Start of Collected data

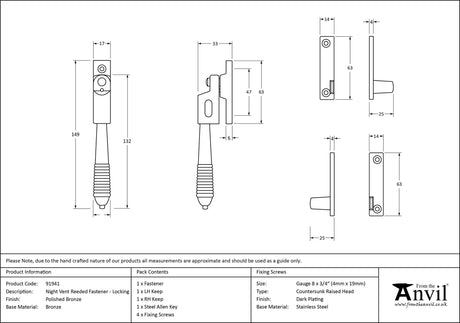 From The Anvil - Polished Bronze Night-Vent Locking Reeded Fastener | Sku. 91941 | Trade Door Handles.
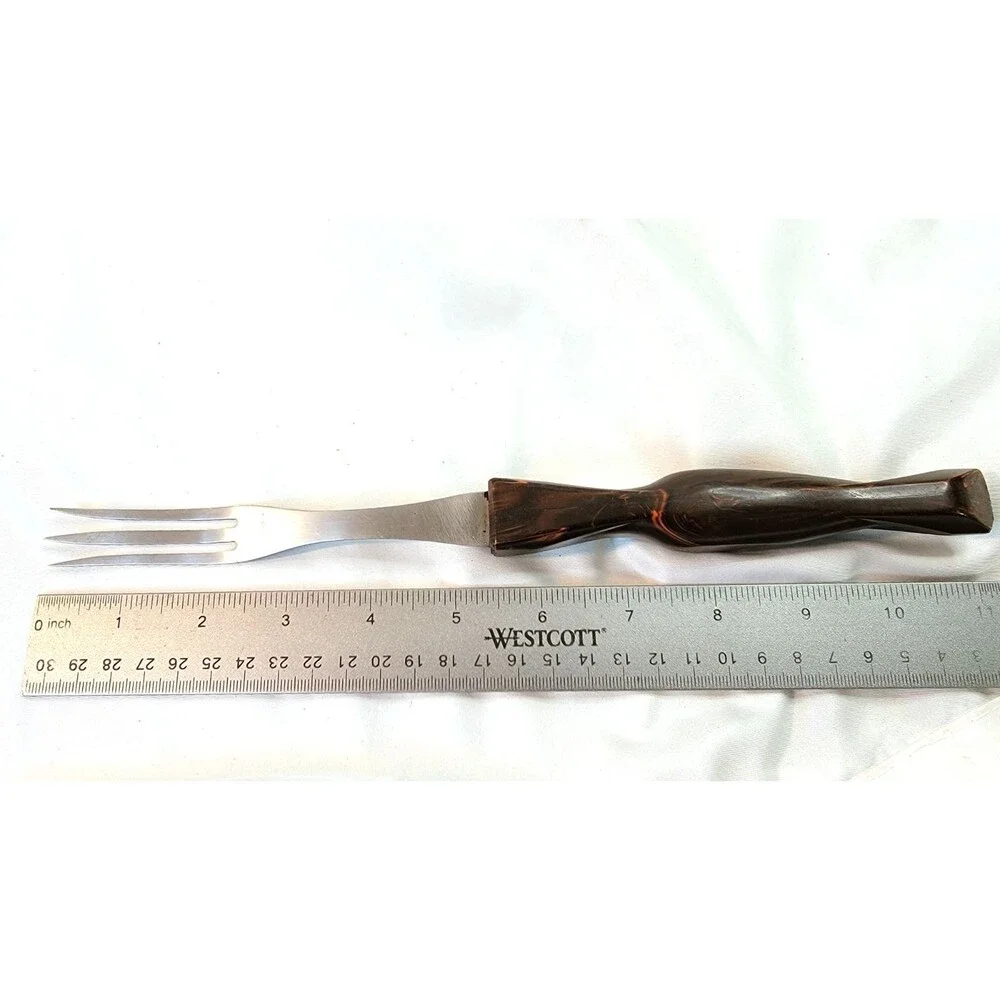 Cutco No 1726 Stainless Turning Fork Classic Brown Swirl Marble Handle 3 Tine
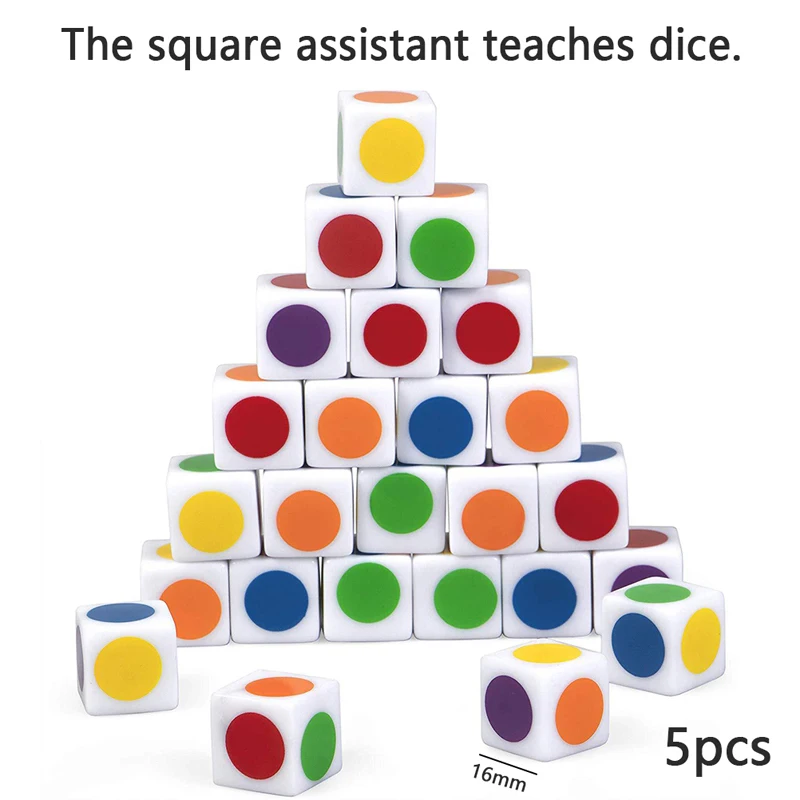 

5 Stks/partij Acryl Kids Board Game Zes Zijdige Wit Kleur Family Party Grappig Tafel Dices Games Educatief Speelgoed Hoge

End of Collected data

■ Task instructions:
Copy out all the data exactly. The images should not appear in the copy.

■ Answer box:
 From The Anvil - Polished Bronze Night-Vent Locking Reeded Fastener | Sku. 91941 | Trade Door Handles.
 Cutco No 1726 Stainless Turning Fork Classic Brown Swirl Marble Handle 3 Tine

5 Stks/partij Acryl Kids Board Game Zes Zijdige Wit Kleur Family Party Grappig Tafel Dices Games Educatief Speelgoed Hoge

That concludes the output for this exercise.